Data under study:
···

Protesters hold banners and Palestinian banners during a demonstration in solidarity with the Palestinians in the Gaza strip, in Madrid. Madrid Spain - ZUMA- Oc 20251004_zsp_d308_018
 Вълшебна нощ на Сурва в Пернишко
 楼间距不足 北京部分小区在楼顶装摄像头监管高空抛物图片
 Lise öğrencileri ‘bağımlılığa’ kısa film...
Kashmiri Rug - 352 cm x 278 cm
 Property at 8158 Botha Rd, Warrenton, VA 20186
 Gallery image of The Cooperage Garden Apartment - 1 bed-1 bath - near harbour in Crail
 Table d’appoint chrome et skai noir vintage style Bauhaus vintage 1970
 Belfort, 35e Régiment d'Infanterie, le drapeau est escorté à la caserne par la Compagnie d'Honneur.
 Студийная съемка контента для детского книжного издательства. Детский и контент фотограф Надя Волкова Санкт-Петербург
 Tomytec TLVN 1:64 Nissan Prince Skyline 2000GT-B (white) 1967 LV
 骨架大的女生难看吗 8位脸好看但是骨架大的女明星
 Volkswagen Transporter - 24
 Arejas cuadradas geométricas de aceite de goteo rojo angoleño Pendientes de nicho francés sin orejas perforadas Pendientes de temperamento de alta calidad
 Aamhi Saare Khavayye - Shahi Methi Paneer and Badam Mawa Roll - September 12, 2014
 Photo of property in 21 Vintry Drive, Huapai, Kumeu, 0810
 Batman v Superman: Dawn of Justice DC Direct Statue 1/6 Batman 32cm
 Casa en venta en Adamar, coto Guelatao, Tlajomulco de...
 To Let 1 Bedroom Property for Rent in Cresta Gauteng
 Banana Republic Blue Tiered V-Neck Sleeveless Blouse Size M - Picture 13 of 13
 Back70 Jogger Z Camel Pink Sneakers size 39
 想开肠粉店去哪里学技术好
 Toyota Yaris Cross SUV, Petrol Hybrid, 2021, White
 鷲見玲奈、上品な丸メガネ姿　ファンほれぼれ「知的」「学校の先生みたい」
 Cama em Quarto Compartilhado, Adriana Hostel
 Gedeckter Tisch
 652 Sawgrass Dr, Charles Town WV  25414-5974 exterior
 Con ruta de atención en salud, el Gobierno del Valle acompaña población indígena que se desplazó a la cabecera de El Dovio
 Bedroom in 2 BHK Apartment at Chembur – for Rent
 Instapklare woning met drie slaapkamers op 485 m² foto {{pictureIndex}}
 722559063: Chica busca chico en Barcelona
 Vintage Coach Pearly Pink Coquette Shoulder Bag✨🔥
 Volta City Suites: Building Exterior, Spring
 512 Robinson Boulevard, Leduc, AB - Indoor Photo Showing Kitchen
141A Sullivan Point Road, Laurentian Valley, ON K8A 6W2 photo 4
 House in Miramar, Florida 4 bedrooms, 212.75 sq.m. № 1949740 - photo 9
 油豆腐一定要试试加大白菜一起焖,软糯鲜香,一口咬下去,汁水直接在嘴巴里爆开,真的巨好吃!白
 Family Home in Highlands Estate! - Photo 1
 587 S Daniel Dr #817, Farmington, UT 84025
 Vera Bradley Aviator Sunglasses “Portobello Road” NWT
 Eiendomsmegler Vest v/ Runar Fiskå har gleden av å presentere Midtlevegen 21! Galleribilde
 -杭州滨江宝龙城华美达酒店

···

What the task asks: Every entry is to be retyped word for word.

Response area:
Protesters hold banners and Palestinian banners during a demonstration in solidarity with the Palestinians in the Gaza strip, in Madrid. Madrid Spain - ZUMA- Oc 20251004_zsp_d308_018
 Вълшебна нощ на Сурва в Пернишко
 楼间距不足 北京部分小区在楼顶装摄像头监管高空抛物图片
 Lise öğrencileri ‘bağımlılığa’ kısa film...
Kashmiri Rug - 352 cm x 278 cm
 Property at 8158 Botha Rd, Warrenton, VA 20186
 Gallery image of The Cooperage Garden Apartment - 1 bed-1 bath - near harbour in Crail
 Table d’appoint chrome et skai noir vintage style Bauhaus vintage 1970
 Belfort, 35e Régiment d'Infanterie, le drapeau est escorté à la caserne par la Compagnie d'Honneur.
 Студийная съемка контента для детского книжного издательства. Детский и контент фотограф Надя Волкова Санкт-Петербург
 Tomytec TLVN 1:64 Nissan Prince Skyline 2000GT-B (white) 1967 LV
 骨架大的女生难看吗 8位脸好看但是骨架大的女明星
 Volkswagen Transporter - 24
 Arejas cuadradas geométricas de aceite de goteo rojo angoleño Pendientes de nicho francés sin orejas perforadas Pendientes de temperamento de alta calidad
 Aamhi Saare Khavayye - Shahi Methi Paneer and Badam Mawa Roll - September 12, 2014
 Photo of property in 21 Vintry Drive, Huapai, Kumeu, 0810
 Batman v Superman: Dawn of Justice DC Direct Statue 1/6 Batman 32cm
 Casa en venta en Adamar, coto Guelatao, Tlajomulco de...
 To Let 1 Bedroom Property for Rent in Cresta Gauteng
 Banana Republic Blue Tiered V-Neck Sleeveless Blouse Size M - Picture 13 of 13
 Back70 Jogger Z Camel Pink Sneakers size 39
 想开肠粉店去哪里学技术好
 Toyota Yaris Cross SUV, Petrol Hybrid, 2021, White
 鷲見玲奈、上品な丸メガネ姿　ファンほれぼれ「知的」「学校の先生みたい」
 Cama em Quarto Compartilhado, Adriana Hostel
 Gedeckter Tisch
 652 Sawgrass Dr, Charles Town WV  25414-5974 exterior
 Con ruta de atención en salud, el Gobierno del Valle acompaña población indígena que se desplazó a la cabecera de El Dovio
 Bedroom in 2 BHK Apartment at Chembur – for Rent
 Instapklare woning met drie slaapkamers op 485 m² foto {{pictureIndex}}
 722559063: Chica busca chico en Barcelona
 Vintage Coach Pearly Pink Coquette Shoulder Bag✨🔥
 Volta City Suites: Building Exterior, Spring
 512 Robinson Boulevard, Leduc, AB - Indoor Photo Showing Kitchen
141A Sullivan Point Road, Laurentian Valley, ON K8A 6W2 photo 4
 House in Miramar, Florida 4 bedrooms, 212.75 sq.m. № 1949740 - photo 9
 油豆腐一定要试试加大白菜一起焖,软糯鲜香,一口咬下去,汁水直接在嘴巴里爆开,真的巨好吃!白
 Family Home in Highlands Estate! - Photo 1
 587 S Daniel Dr #817, Farmington, UT 84025
 Vera Bradley Aviator Sunglasses “Portobello Road” NWT
 Eiendomsmegler Vest v/ Runar Fiskå har gleden av å presentere Midtlevegen 21! Galleribilde
 -杭州滨江宝龙城华美达酒店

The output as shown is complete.